I realized just how bad the Health Nurse guilt capability was the day I went to the doctor about my son’s Thrush issue. My son is also a puker. He throws up ALL the time, and I’m not talking just a little bit of baby spit up, I’m talking full out projectile vomiting almost every time he eats. Anyhow the doctor recommended that I put a little bit of rice cereal in with his bottle to try to give some weight to the food in hopes to keep it down better. He then looks me straight in the eye and says “ Please under no circumstances tell the Health Nurse you’re doing this or that I gave you this advice.” THIS CAME FROM THE DOCTOR!!!  The look in his eyes told me he was even in fear of the Health Nurse guilt-trip. Made me feel much better about my own guilty conscious.
So if just the subject of feeding your kids can build up this much remorse and dread just imagine how much worse it gets when talking about other aspects of raising your child. Other major subjects of guilt include: Disposable Diapers vs. Reusable Diapers, whether or not you should let your kid watch TV, letting your kids explore or baby proof, structured education tactics, letting baby cry themselves to sleep, nature vs. nurture, forms of punishment (to spank or use timeouts or both), and the list can go on and on and on and on.
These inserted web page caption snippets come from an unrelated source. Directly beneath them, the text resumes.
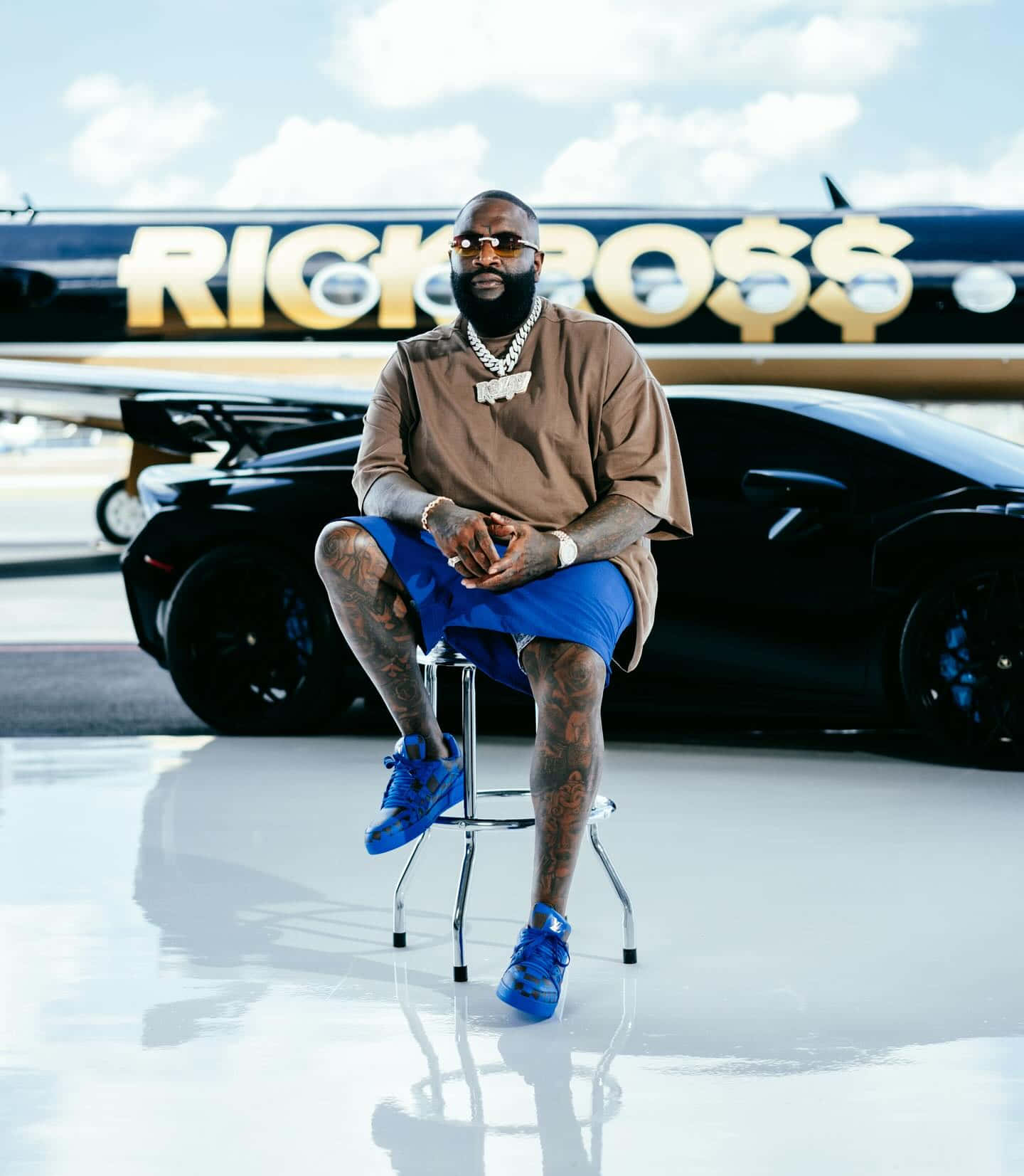 Rick Ross Stylish Pose With Private Jet And Car Wallpaper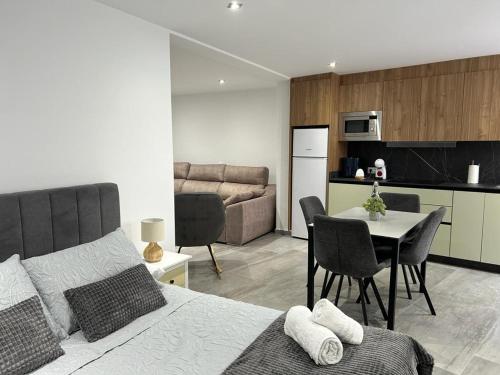 a bedroom with a bed and a table and a kitchen at Gaviotas Beach Golf in Almerimar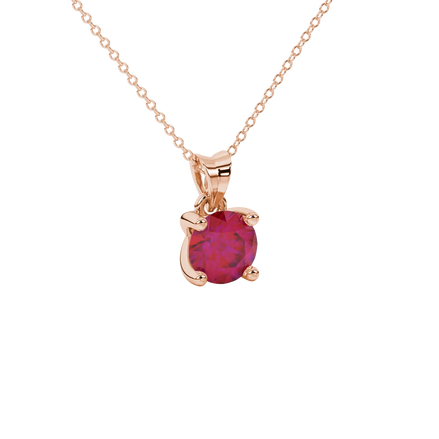 close-up shot of a round raspberry red gemstone pendant with a rose gold surprise diamond setting design.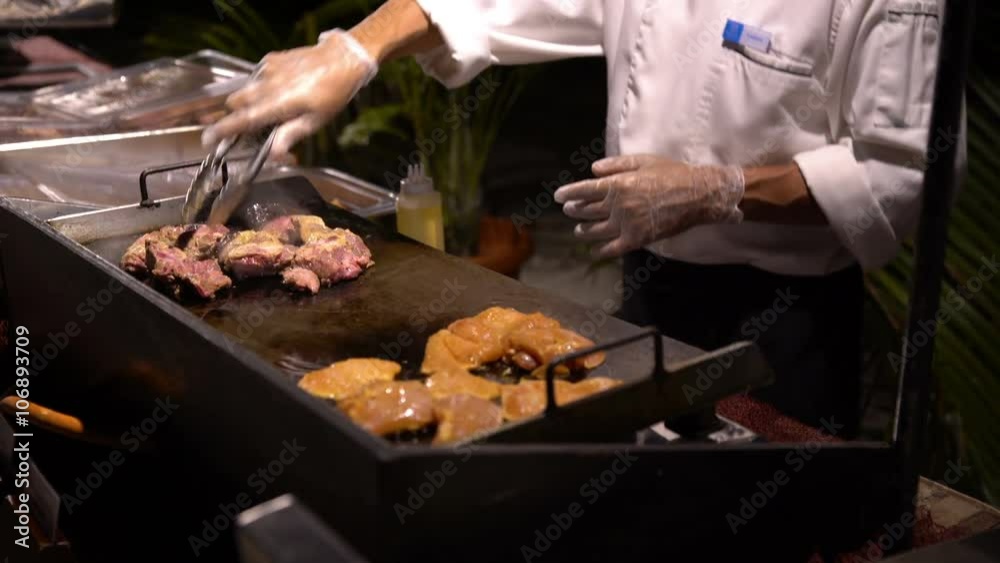 Chefs prepare clams and fish in a restaurant in the open air in the evening. Chefs prepare clams and fish in a restaurant in the open air in the evening.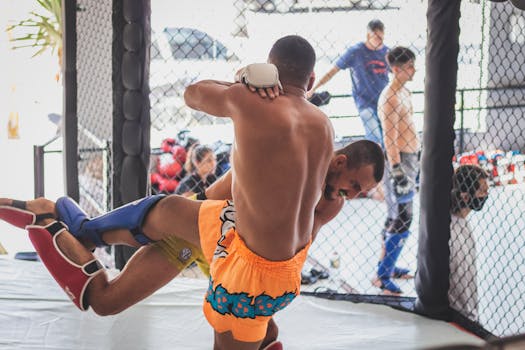 Intense MMA fighters in action during a sparring session inside a training cage.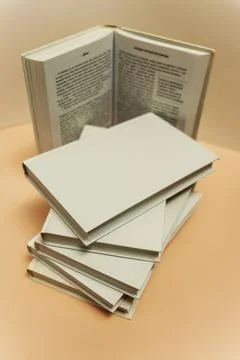 A stack of books on the table on a light pink background, study, back to scho 写真素材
I myself have decided I’m done with feeling guilty. Do you think our parents felt guilty, or our ancestors for that matter? I’m pretty sure because of the amount of time our society has on it’s hands due to creation of washers/dryers/dishwashers/vehicles/disposable materials, etc we’re just getting ourselves all muddled up with idleness. But that’s an entirely different subject.

1 comment:

  1. Guilt,ah that great mover and shaker of mankind. I myself spend as little time as possible in the Guilt Mobile, it is one of those thngs that I do not heart, but on occasion I will spend a day, where I am depressed, pulling out a couple of episodes of my life which I am not overly fond of and reliving them just to torture myself a bit. Then when I am done I put it back in the box and go on with my day. Now that is something I can heart.